Thanks for any help !
Maxime
I do not see much advantage in using ggscatter()
instead of ggplot()
, so I add here an answer that does not use 'ggpubr'. Pearson correlation is the OLS (ordinary least squares) correlation, and it does not depend on which variable is the explanatory one and which the response one. The R2 value from lm()
is the same as the square of the r from cor.test()
. In contrast, the fitted line does depend on which variable is mapped to x
and which one to y
aesthetics. Depending on the variables, a linear regression may not be a good approach and major axis regression should be used. If the variable mapped to x
is measured without or with minimal error, or can be considered the cause of the response, then linear regression using lm()
as method is the correct approach. However, if both variables are subject to random variation, lm()
will result in different fitted lines depending on which of the two variables is arbitrarily mapped to x
and which to y
.
In the first example I show the same example as in the answer by @stefan but using the grammar of graphics to construct the plot. I use statistics from 'ggplot2' and from 'ggpmisc'. What do we gain: 1) we can have the colour mapping only in the plot layer that needs it, geom_point()
(without overriding it later), 2) if we wish we can rewrite the code with a different order of the layers, say, plot the scatter on top of the regression line, 3) we gain a lot in flexibility because we can easily mix and match layer functions (geoms and stats from different packages extending 'ggplot2'). Once one understands that we are adding layers to the plot one by one, and that the aesthetics mapping in the call to ggplot()

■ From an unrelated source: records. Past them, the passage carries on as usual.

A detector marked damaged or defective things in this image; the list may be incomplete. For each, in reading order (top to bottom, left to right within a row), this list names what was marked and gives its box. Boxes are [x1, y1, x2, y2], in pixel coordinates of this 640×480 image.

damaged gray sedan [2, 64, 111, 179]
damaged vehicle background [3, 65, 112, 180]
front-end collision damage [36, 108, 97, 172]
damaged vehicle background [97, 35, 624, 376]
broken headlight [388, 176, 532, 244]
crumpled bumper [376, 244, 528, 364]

sets only the default for all layers, the intent of the code is clear. The code remains concise.
In the second example I use a different data set, and plot MPG in highway and city traffic, as an example of a case where using linear regression is unsuitable and some variation of major axis regression is preferable.
These examples make use of features from 'ggpmisc' (>= 0.5.0), and will not work with earlier versions.
library(ggplot2)
library(ggpmisc)
#> Loading required package: ggpp
#>
#> Attaching package: 'ggpp'
#> The following object is masked from 'package:ggplot2':
#>
#> annotate
# y depends on x
ggplot(mtcars, aes(y=hp, x=mpg)) +
geom_point(aes(color=factor(cyl))) +
stat_correlation(use_label(c("R", "P"))) +
stat_poly_line()
# both x and y depend on some common factors not plotted
ggplot(mpg, aes(y=hwy, x=cty)) +
geom_point(aes(color=factor(cyl))) +
stat_correlation(use_label(c("R", "P"))) +
stat_ma_line()
Created on 2022-08-21 by the reprex package (v2.0.1)

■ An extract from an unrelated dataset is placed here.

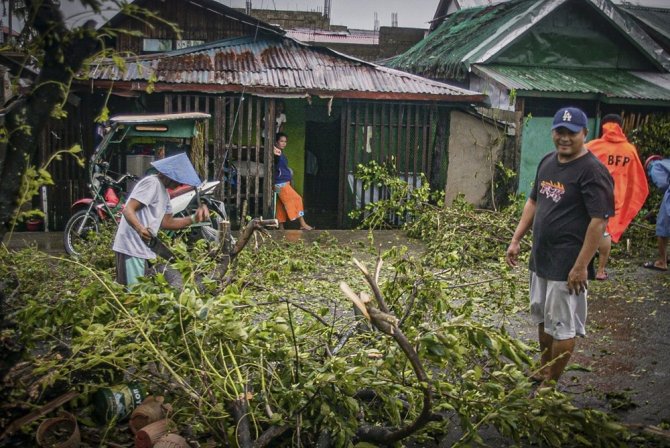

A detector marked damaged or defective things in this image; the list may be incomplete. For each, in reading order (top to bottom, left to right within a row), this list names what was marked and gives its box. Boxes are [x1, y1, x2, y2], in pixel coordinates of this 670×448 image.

rusty metal roof [88, 36, 488, 102]
rusty metal roof [476, 64, 670, 104]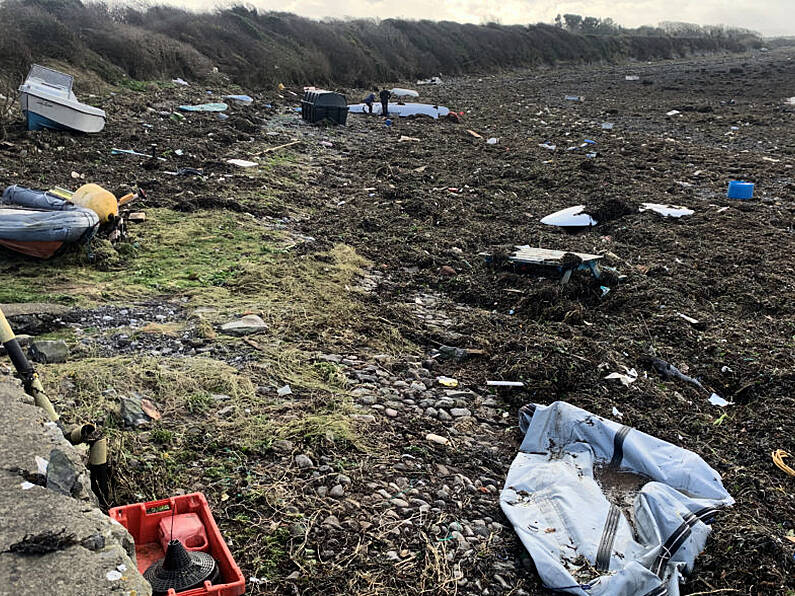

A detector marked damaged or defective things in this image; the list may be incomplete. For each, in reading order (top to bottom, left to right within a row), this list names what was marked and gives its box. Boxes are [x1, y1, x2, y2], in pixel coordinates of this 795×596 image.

torn tarpaulin [504, 402, 732, 592]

For simplicity, I kept the default theme_gray()
, but adding + theme_classic()
at the end of the examples above, will make the plots look as in the question. Alternatively, theme_set(theme_classic())
can be used to change the default theme for the current R session.
In both examples, for the correlation annotation I included values matching those in the question. Other labels are also available, including confidence intervals for r as well as for rank correlation. 'ggpmisc' also provides statistics for adding as annotations the equations of the fitted models.